# Outlook keep saying server disconnect!!!!!!



## pool88 (Jan 31, 2008)

Hi All,

when I'm writing email in outlook or open mails in outlook, the outlook is stopped working for few minutes and it shows the little outlook icon next to time says disconnect server. this happen everytime,I did recreate new outlook profile and it stills same. any idea?


----------



## manic (Aug 2, 2005)

Make sure that your pop addy is correct.
Make sure that your smtp addy is correct. Check with your isp as
to what those should be.....


----------



## djaburg (May 15, 2008)

Are you running Exchange?


----------



## pool88 (Jan 31, 2008)

djaburg said:


> Are you running Exchange?
> 
> 
> > yes, i'm running exchange


----------



## djaburg (May 15, 2008)

If you're running exchange then you might be losing connectivity with the server. Is this computer using a wireless connection? Hard to say what specifically the issue is, but I would not think it's necessarily the fault of Outlook, I'd say that it's something network related since it appears that you're losing your connectivity.


----------



## maninath (Apr 30, 2008)

Hi,

If ur in exchange server, there may a web client to check emails - ask the system admin for the web link. if you are abl;e to view then we can check it furthur.

How are you connecting to your exchange server, You might be using VPN,,,chk r u able to connect VPN or not...?

let us know....!


----------



## pool88 (Jan 31, 2008)

djaburg said:


> If you're running exchange then you might be losing connectivity with the server. Is this computer using a wireless connection? Hard to say what specifically the issue is, but I would not think it's necessarily the fault of Outlook, I'd say that it's something network related since it appears that you're losing your connectivity.

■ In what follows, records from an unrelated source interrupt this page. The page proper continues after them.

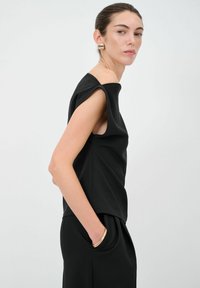 Top nero senza maniche con design strutturato e spalle larghe, abbinato a pantaloni neri sartoriali. Tessuto testurizzato con uno stile minimalista.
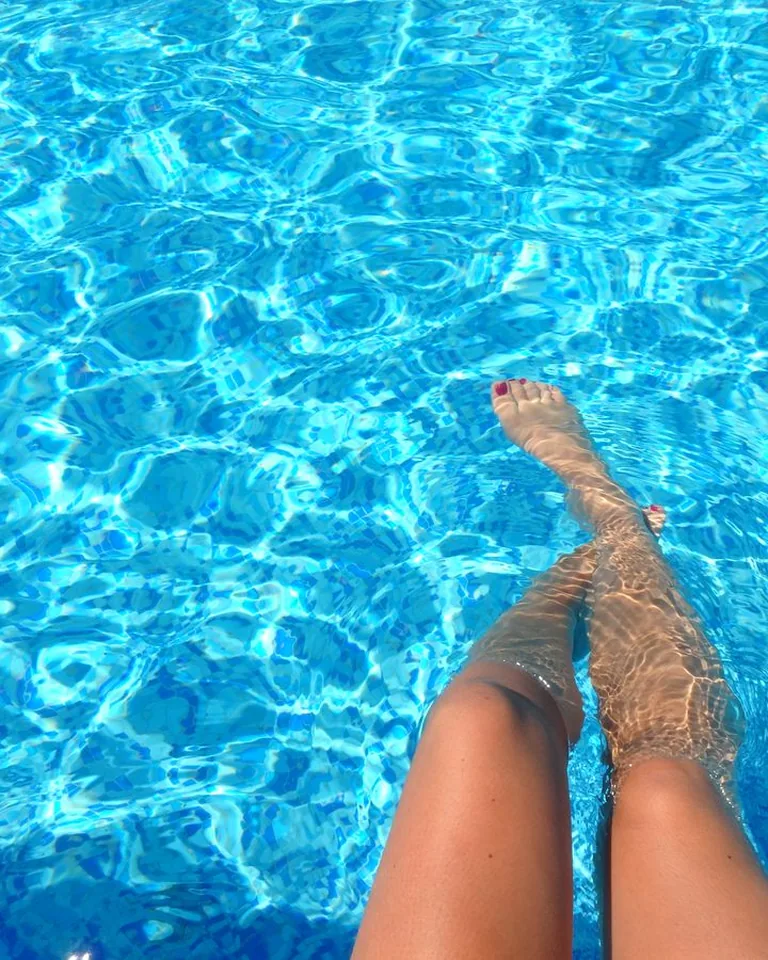 Person relaxing in a swimming pool with clear blue water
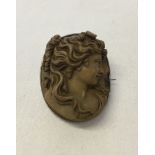 A brooch of a ladies head carved into a brown coloured stone (cameo style) possibly Italian marble.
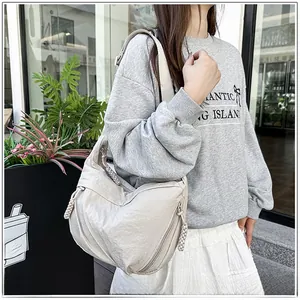 Detail of cream hobo bag featuring thick woven rope zipper pull and textured fabric
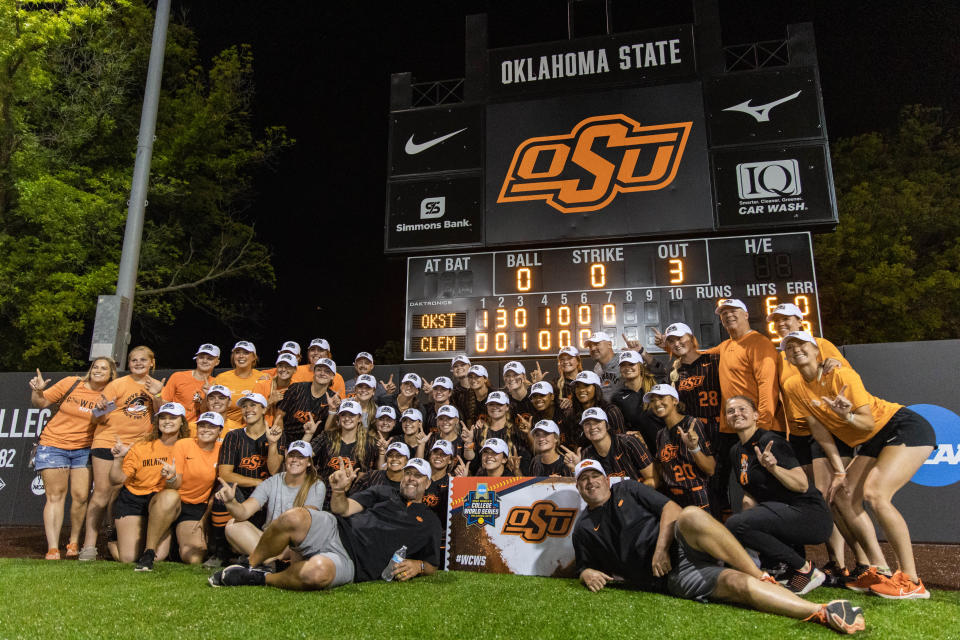 The Oklahoma State Cowgirls celebrate their 5-1 victory against the Clemson Tigers on Friday night to clinch a trip to the WCWS.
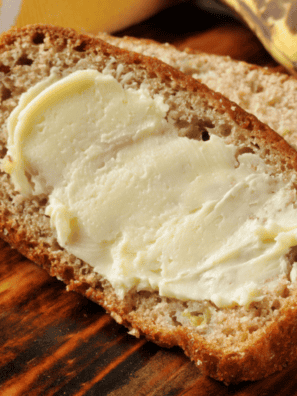 banana bread recipe Bob Evans style sliced on a wooden board showing walnuts throughout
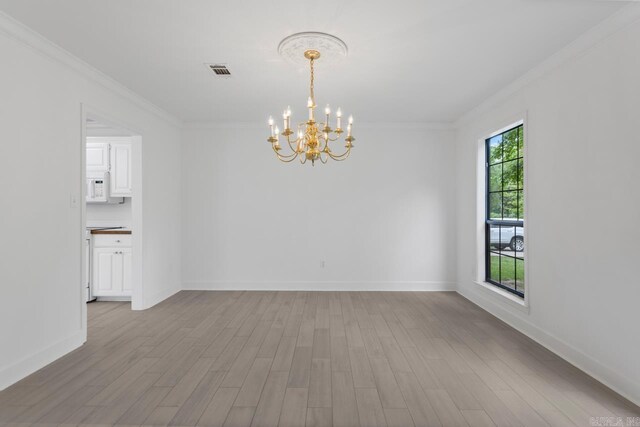 1208 Hilltop Rd, Alexander, AR 72022 - empty room with a chandelier, crown molding, wood finished floors, and baseboards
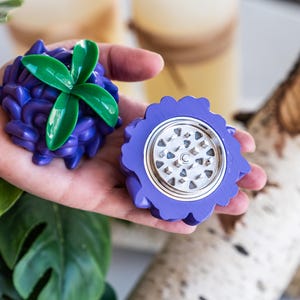 May include: Purple and green herb grinder shaped like a flower with a silver metal grinding mechanism.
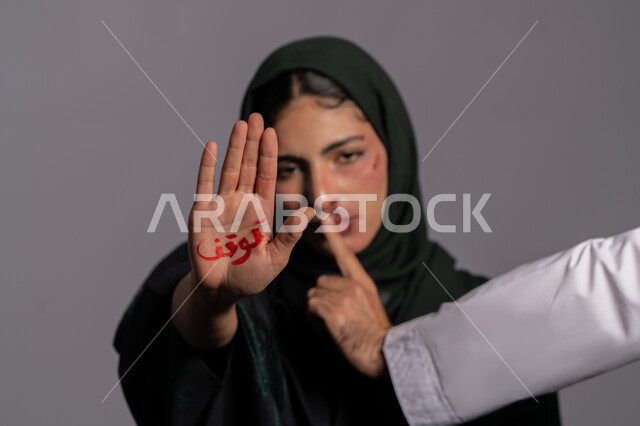 إجبار الامرأة على السكوت من قبل الرجال ,امراض نفسية ومشاكل زوجية, آثار الكدمات الجسدية, بورتريه مقرب لشابة عربيه إماراتية خليجية محجبة ترفع كفها للاعلى بعبارة توقف, 25 نوفمبر اليوم العالمي للقضاء على العنف ضد النساء ,سيدة سعودية حزينة, حقوق المرأة المسلمه، خلفية رمادية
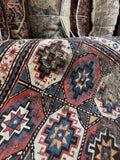 Detail of antique Kazak rug medallion with geometric tribal star design.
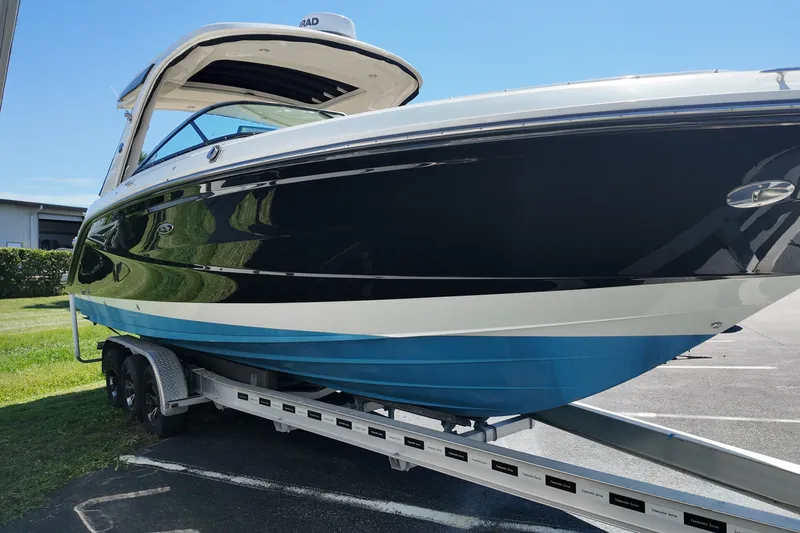 The Image of 2024 Sea Ray SLX 310 boat on trailer, sleek black and blue design. - 0
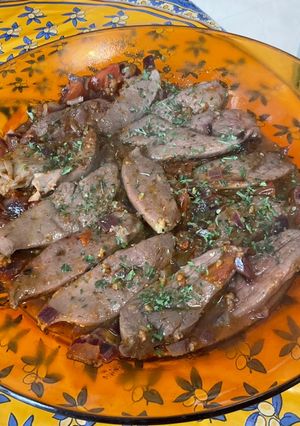 Une photo de Aiguillettes de canard au martini rouge, tomate et oignon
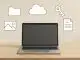 Symbolbild: Laptop mit Symbolen darum.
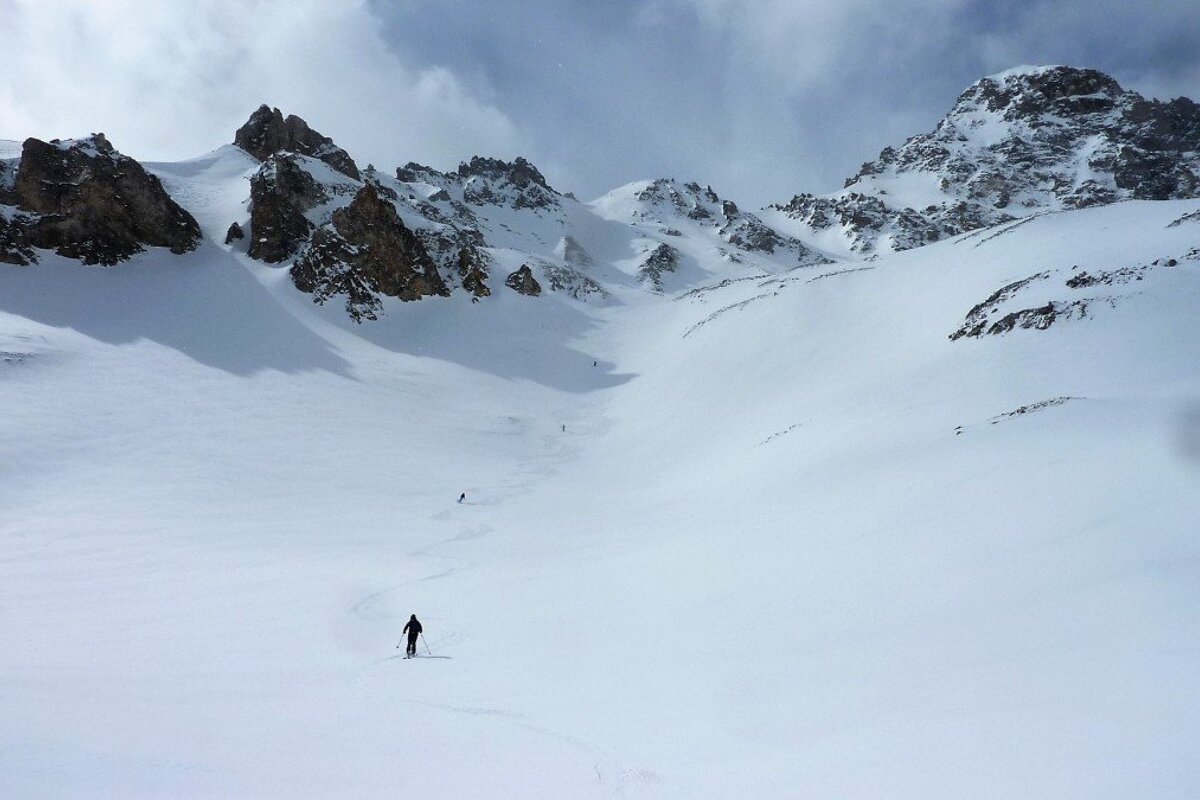 skiers in an off piste bowl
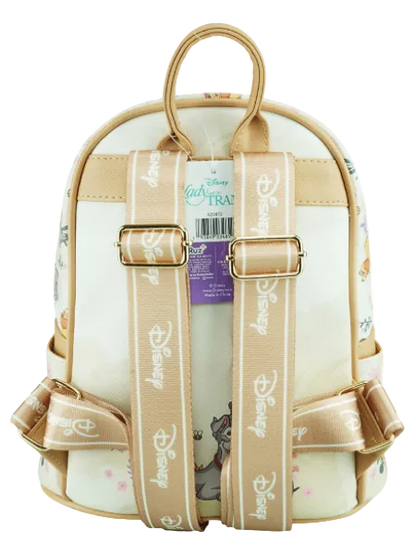 Backpack with decorative ribbons and a visible brand label on a white background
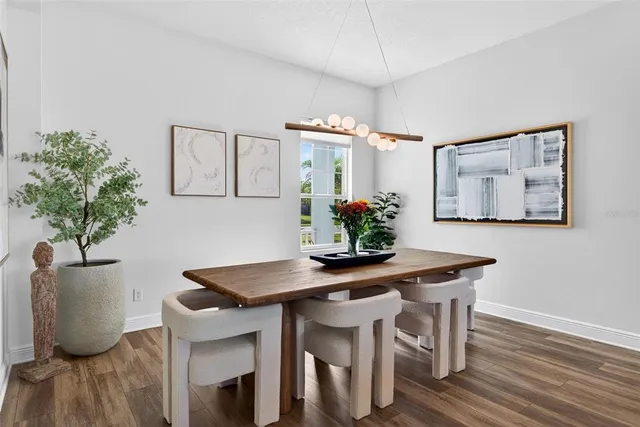 a view of a dining room with furniture window and outside view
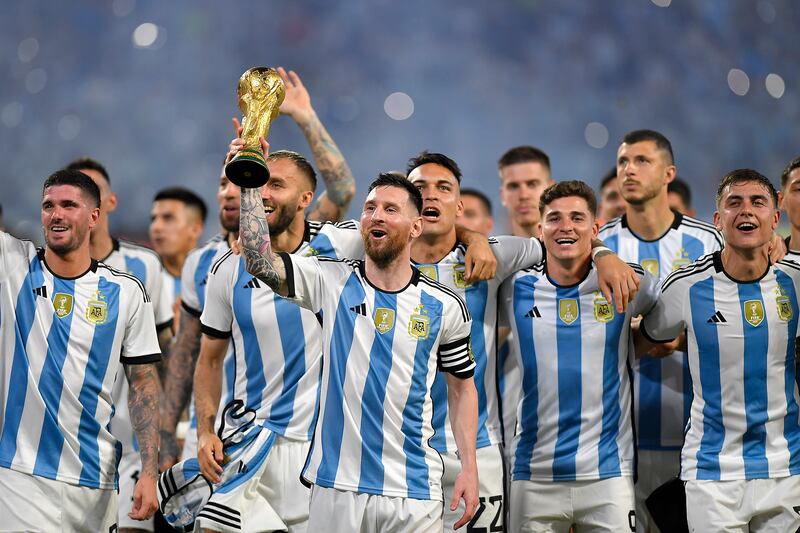 Lionel Messi and his teammates parade the World Cup trophy after an international friendly match against Curacao. Getty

I'm not using the wireless, I am connected with the ethernet cable and all my collegues don't have this problem only heppen to me.


----------



## Rasb (Aug 2, 2007)

When you disconnect does anything else disconnect? Try your web browser just to see it your still connected to the network. Check if your network card is install with the right drivers. All else get your network admin to check your account to see if the settings are correct.


----------